The RIAA, if you recall correctly, is endorsing legislation that would permit copyright terrorists holders to knock off or hack into computers they suspect are being used to violate copyright law. So I guess calling what they want “copyright terrorism” is apt.

Well, starting sometime on Friday and ending at 2 a.m. Monday morning, the RIAA’s web site was inaccessible, the apparent result of a denial of service attack.

I feel bad for them. No really, I do. But I’m not just going to say I feel bad for them. I’m going to show it with my actions. Sympathy is one thing, and help is quite another. So… If anyone who works for the RIAA is reading this, listen up. Or if you happen to know anyone who works for the RIAA, please pass the word for me. RIAA, I want to offer you my services. I am a 27-year-old computer professional with approximately 7 years’ experience building and maintaining computer networks. I want to offer my services to you. For free. I will very gladly, on my own time, build new Web servers for you, running Windows NT 4.0 and IIS. All you have to do is provide the hardware and software, and I will very gladly configure them the way I, based on my extensive experience, feel is best.

(No, silly, I won’t install Code Red and Nimda on them. I won’t have to! They just show up automatically!)

Now don’t get me wrong. Just because I wish the worst operating system and Web server of the Internet era on them, don’t get the idea that I have no use for the RIAA. I care about them. Really! Yes, I care about the Recording Industry Association of America just as much as it cares about the artists slaves who don’t make up their official third initial. Yes, I said slaves. I say slaves because slaves aren’t paid for their work. Neither are musicians. At least when they’re in the studio, they aren’t. (You thought RIAA stood for “Recording Industry and Artists of America,” didn’t you? Well, you were wrong.)

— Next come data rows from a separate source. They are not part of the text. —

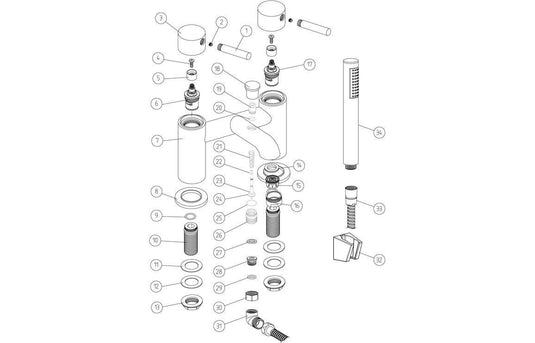 Ruby Bear Bath/Shower Mixer & Bracket - Chrome - RUBY105789 - Envy Bathrooms Ltd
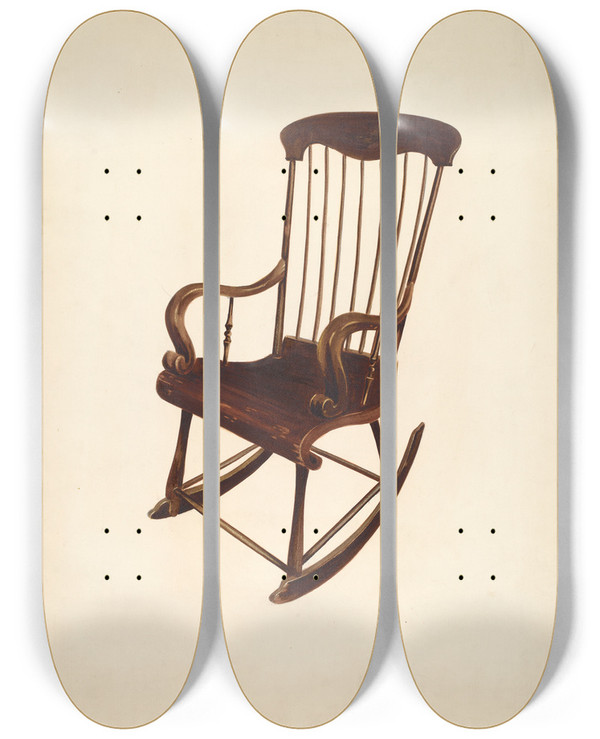 Triptych art skateboard deck of William Spiecker Rocking Chair Bishop Hill by William Spiecker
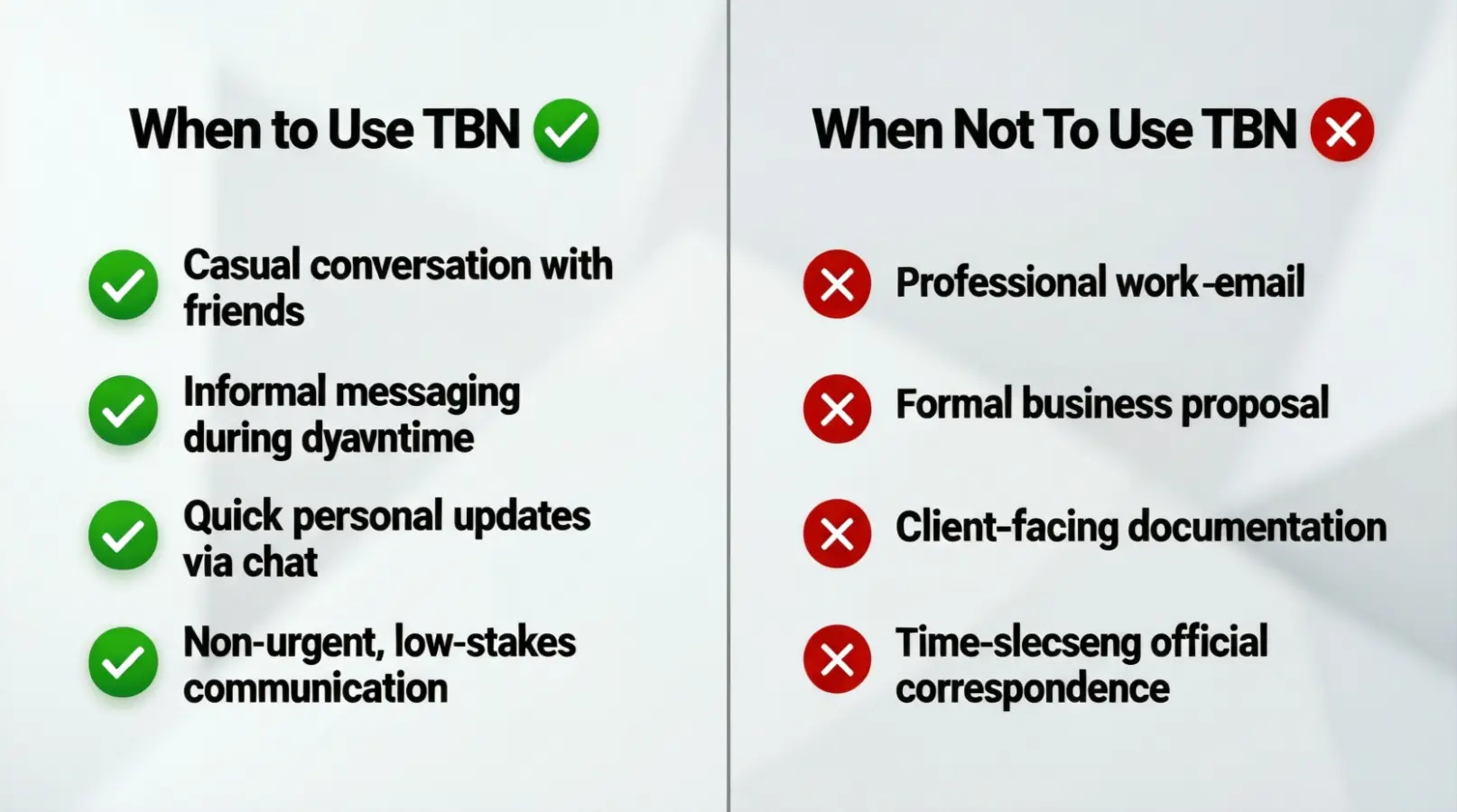 When to Use and When Not to Use TBN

I empathize with musicians. I gave a year of my life to a project. I sold the copyright to it for pennies, on the promise of royalties if it ever earned back my advance, much of which I had to spend in order to complete the project. Just like musicians. Aside from what was left of my advance money, I never earned a penny, because the book didn’t sell. It got fabulous reviews–one popular computer columnist in Canada went so far as to call it “the perfect reference book”–but my publisher didn’t market it.

Now, I can go and blame peer-to-peer file sharing, or Kinko’s. I’m sure there are plenty of copies of the book out there that no one paid for. But the fact is, illegal copies or no, it didn’t sell. My publisher didn’t market it right.

Not that I’m complaining. It’s much better to be the author of a book that didn’t sell than the writer of a book that was never published. (I happen to be that too.) And Aimee Mann was critically acclaimed and her stuff didn’t sell either. I like having something in common with Aimee Mann.

Do you think that might be the reason why most record albums don’t make money? Inadequate and inappropriate marketing? Interesting concept, no? But it’s much easier to blame peer-to-peer networking than your own marketing people.

So the RIAA doesn’t help musicians much. It does help multinational corporations. Big, multinational corporations are always fine, upstanding, honest, model citizens though, right? Right?

This law will permit the RIAA to act as judge, jury, and executioner, on suspicion alone. I think that’s an absolutely fantabulous idea. Best idea I’ve heard all year. Whoever came up with the concept behind the Fourth Amendment obviously didn’t live in an era of $18 CDs that aren’t selling. What a moron. Too bad he’s dead, or the RIAA could sue him for obstructing justice.

But it would seem not everyone held that view. Not the people who participated in the denial of service attack, at least.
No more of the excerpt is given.